→ Directions
Reproduce only the lines below from the line containing "man on construction" to the line containing "Puede incluir: Un", exactly as written, with both end lines kept. Omit the pictures.

→ Dataset content

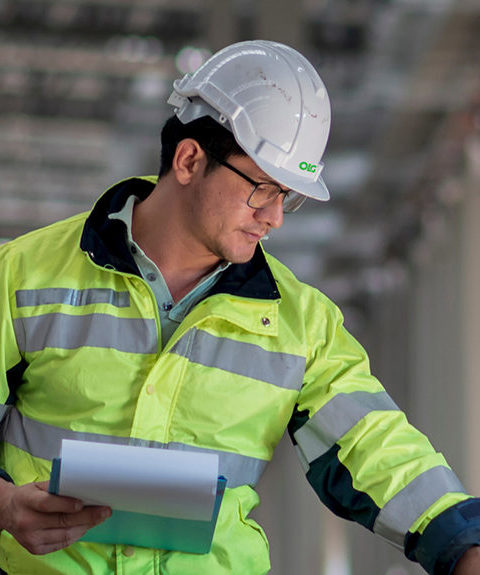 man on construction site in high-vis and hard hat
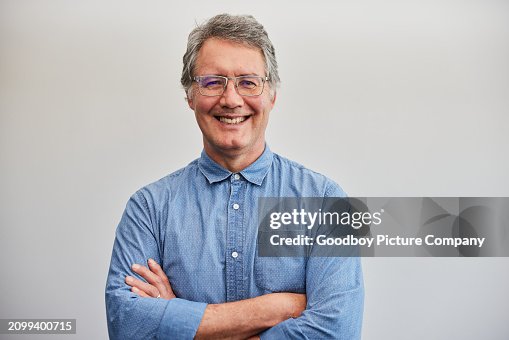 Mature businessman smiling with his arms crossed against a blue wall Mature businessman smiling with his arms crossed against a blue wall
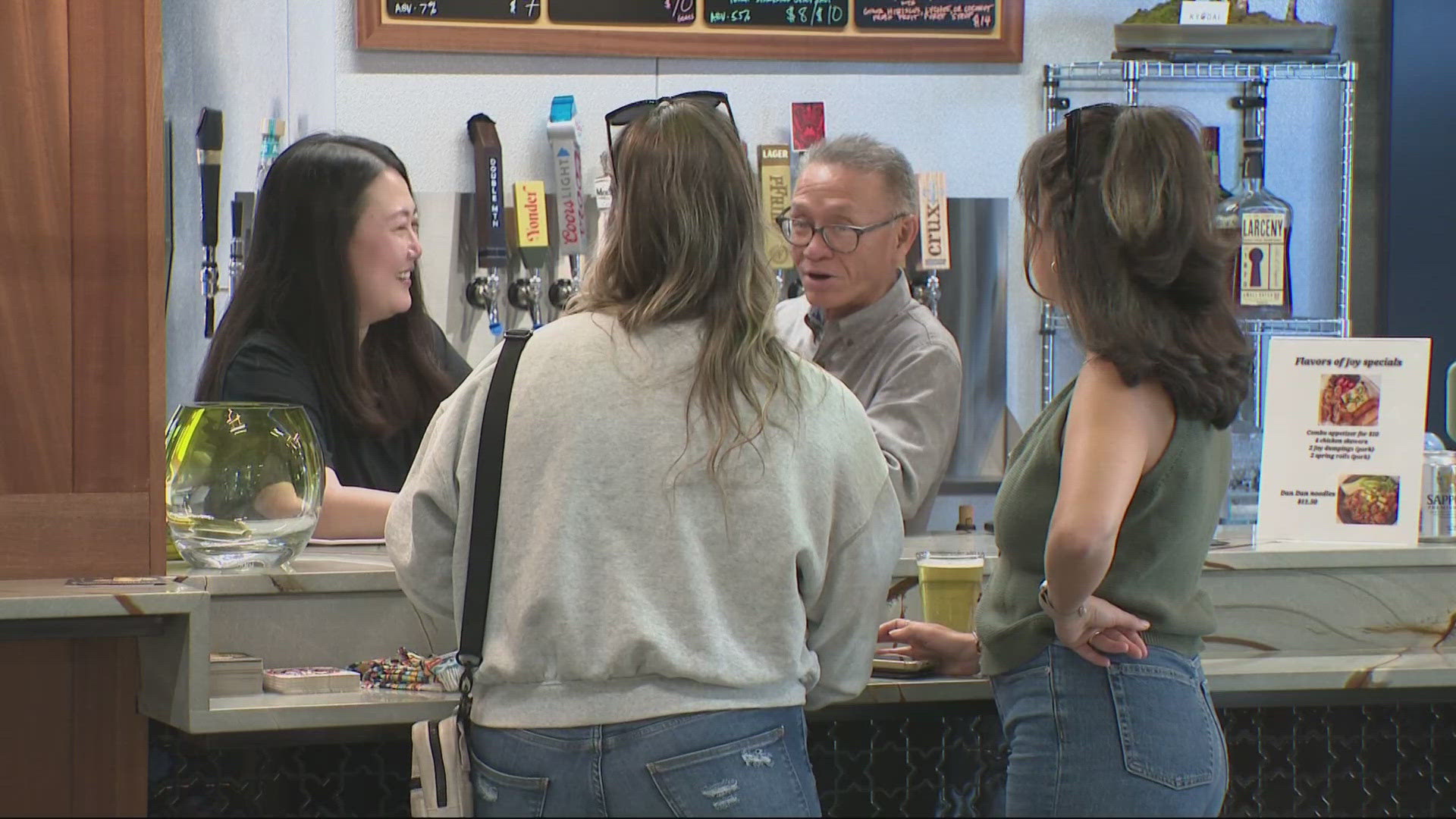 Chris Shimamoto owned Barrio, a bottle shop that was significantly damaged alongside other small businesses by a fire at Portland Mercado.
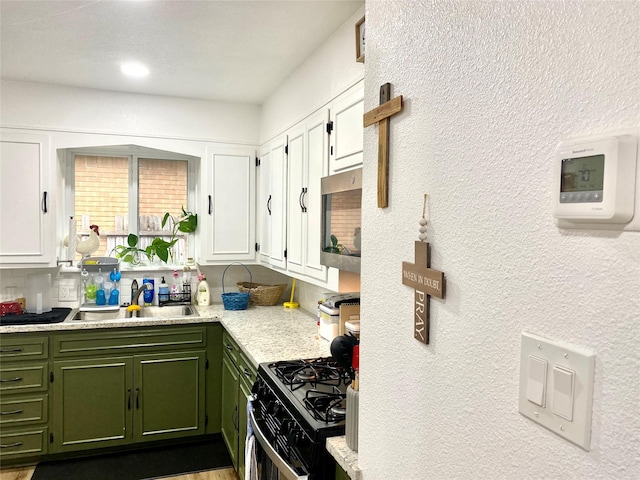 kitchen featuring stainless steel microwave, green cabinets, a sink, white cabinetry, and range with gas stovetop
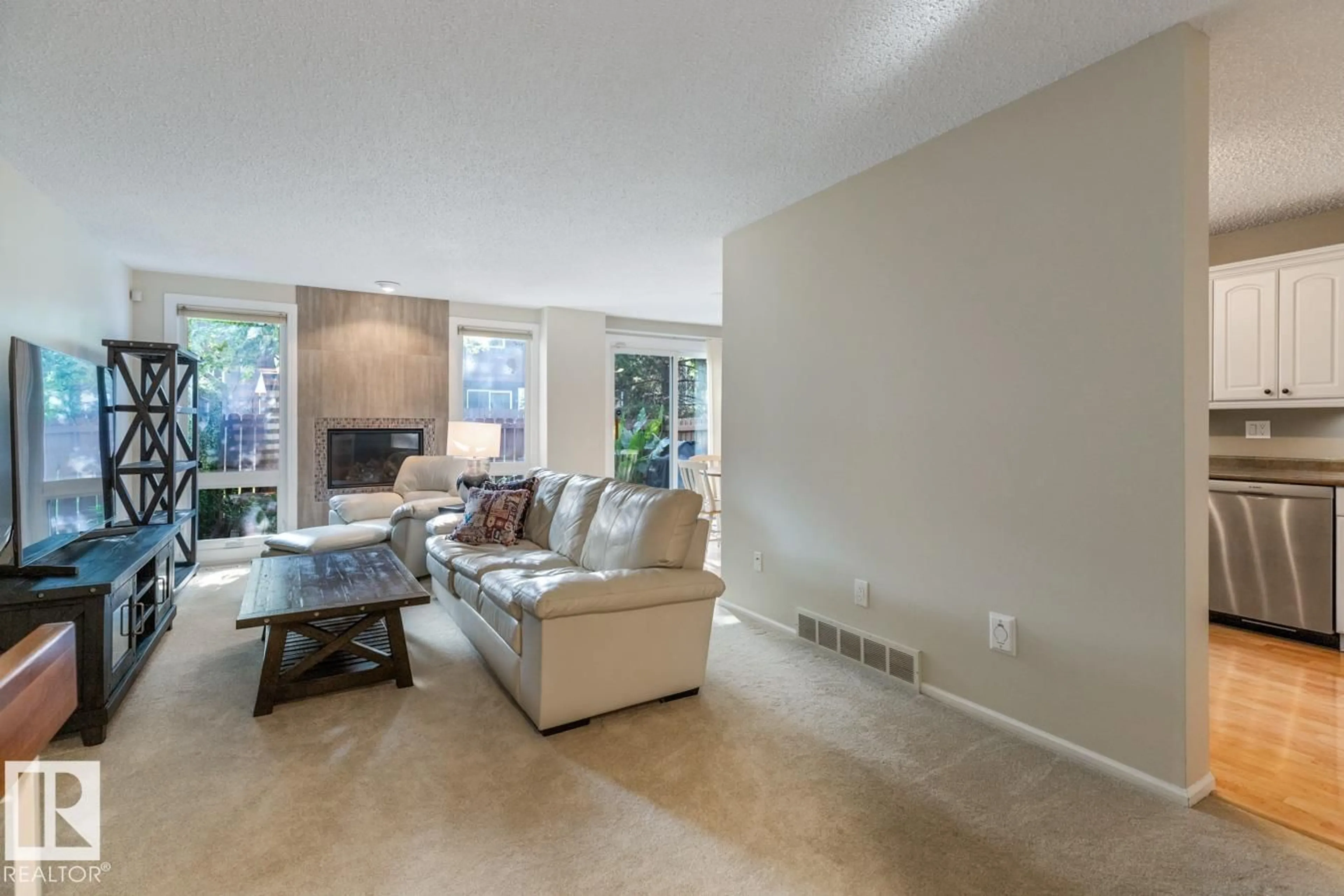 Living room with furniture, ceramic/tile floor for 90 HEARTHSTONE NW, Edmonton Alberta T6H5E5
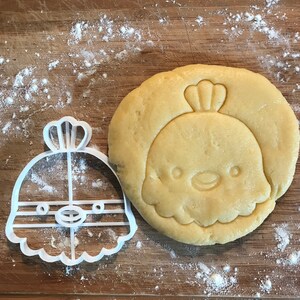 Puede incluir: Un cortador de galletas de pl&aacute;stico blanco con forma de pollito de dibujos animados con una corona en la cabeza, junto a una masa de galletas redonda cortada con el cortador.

==

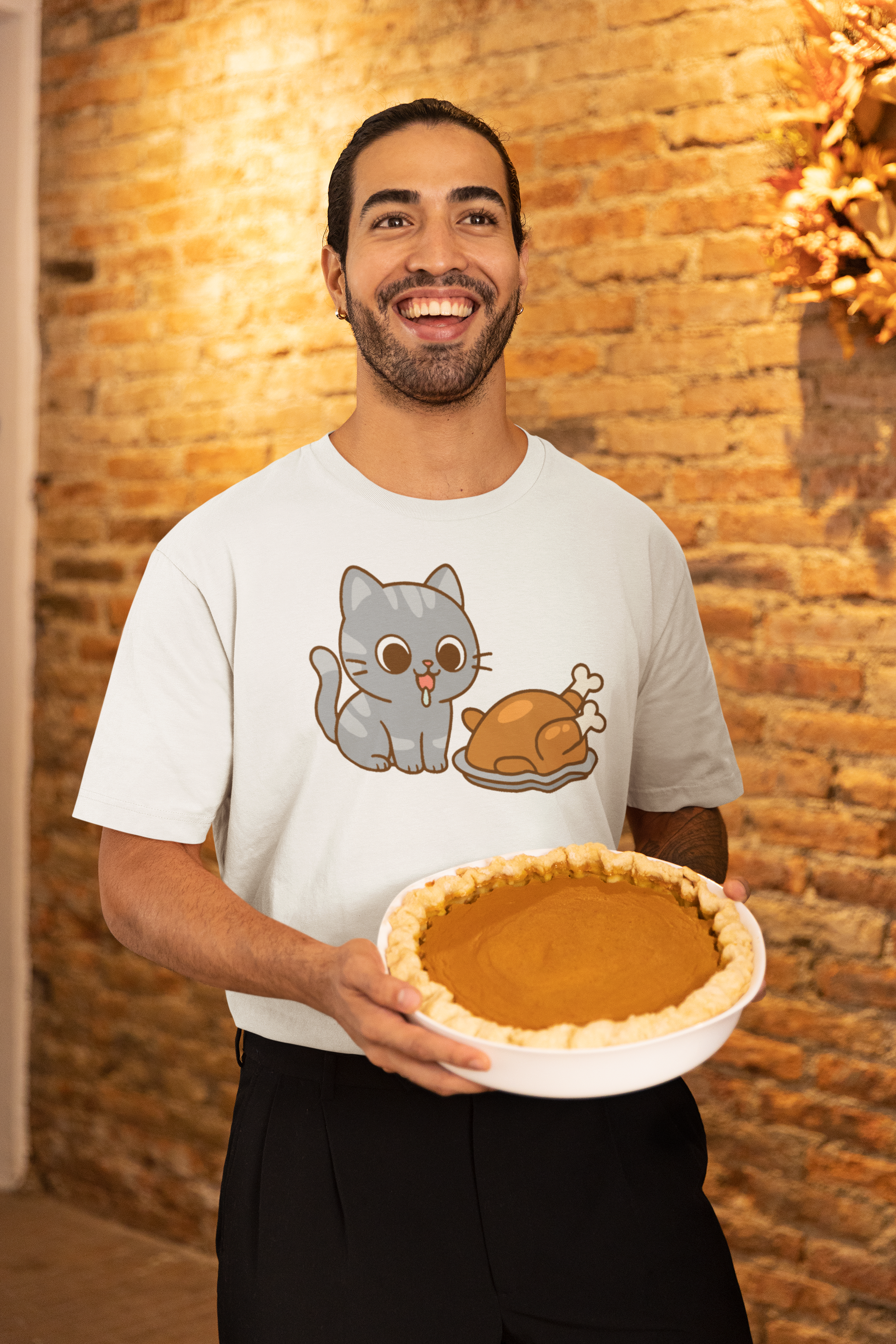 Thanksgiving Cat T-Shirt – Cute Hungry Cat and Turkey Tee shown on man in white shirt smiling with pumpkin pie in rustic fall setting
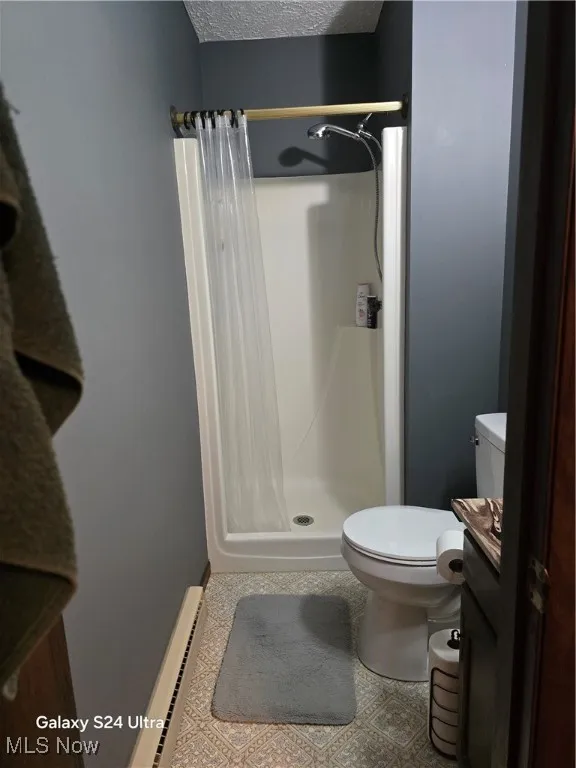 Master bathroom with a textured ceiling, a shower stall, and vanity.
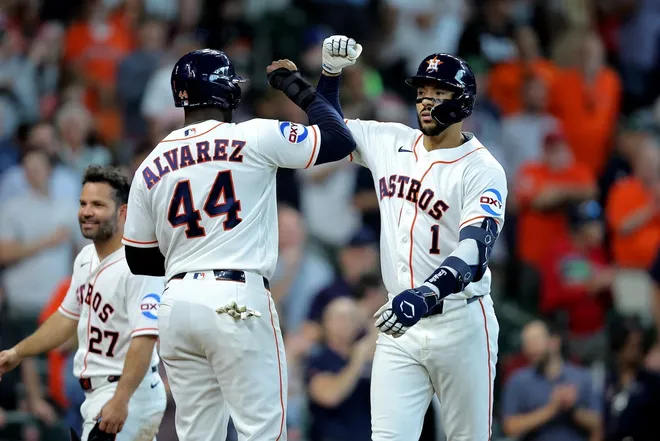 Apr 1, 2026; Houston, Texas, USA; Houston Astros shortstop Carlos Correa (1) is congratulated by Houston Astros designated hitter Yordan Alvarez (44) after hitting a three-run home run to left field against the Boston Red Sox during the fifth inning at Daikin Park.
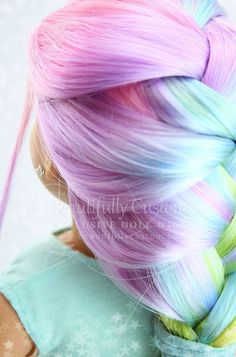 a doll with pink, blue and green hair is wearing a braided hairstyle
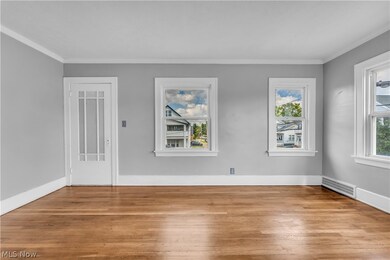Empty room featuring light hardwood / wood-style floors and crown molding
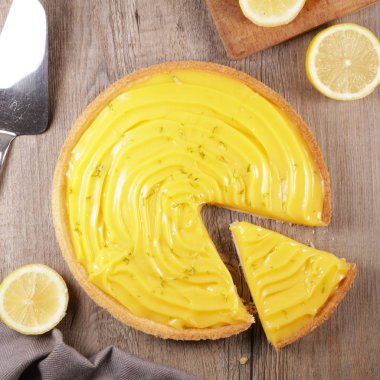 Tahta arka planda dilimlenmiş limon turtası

---

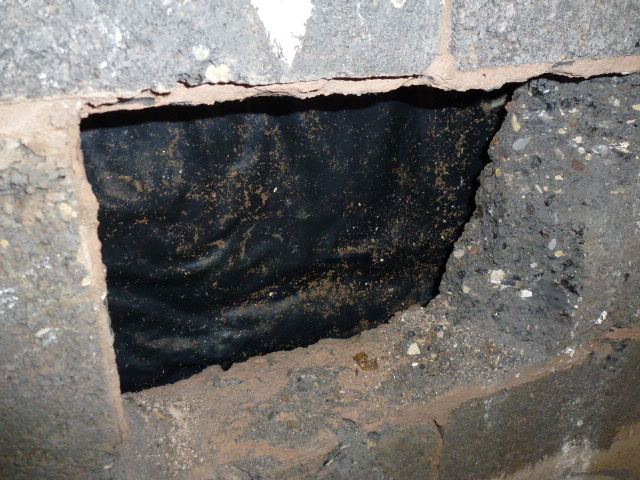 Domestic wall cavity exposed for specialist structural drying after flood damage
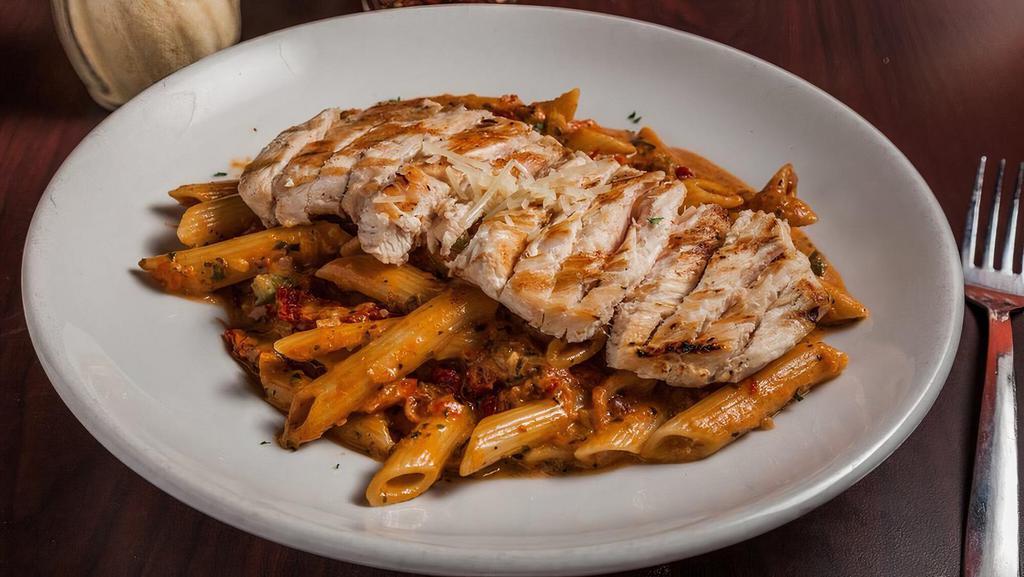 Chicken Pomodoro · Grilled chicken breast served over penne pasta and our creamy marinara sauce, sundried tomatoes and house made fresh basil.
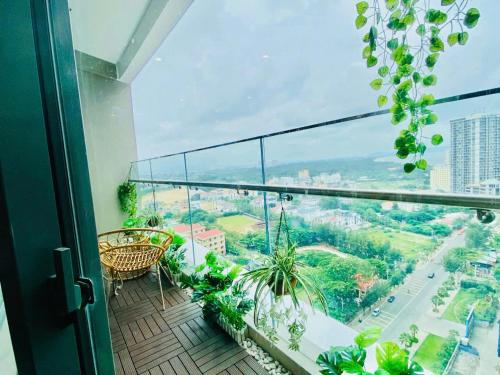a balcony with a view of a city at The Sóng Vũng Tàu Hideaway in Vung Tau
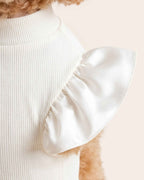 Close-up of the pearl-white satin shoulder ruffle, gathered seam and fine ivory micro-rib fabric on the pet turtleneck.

→ Worked solution
 man on construction site in high-vis and hard hat
 Mature businessman smiling with his arms crossed against a blue wall Mature businessman smiling with his arms crossed against a blue wall
 Chris Shimamoto owned Barrio, a bottle shop that was significantly damaged alongside other small businesses by a fire at Portland Mercado.
 kitchen featuring stainless steel microwave, green cabinets, a sink, white cabinetry, and range with gas stovetop
 Living room with furniture, ceramic/tile floor for 90 HEARTHSTONE NW, Edmonton Alberta T6H5E5
 Puede incluir: Un cortador de galletas de pl&aacute;stico blanco con forma de pollito de dibujos animados con una corona en la cabeza, junto a una masa de galletas redonda cortada con el cortador.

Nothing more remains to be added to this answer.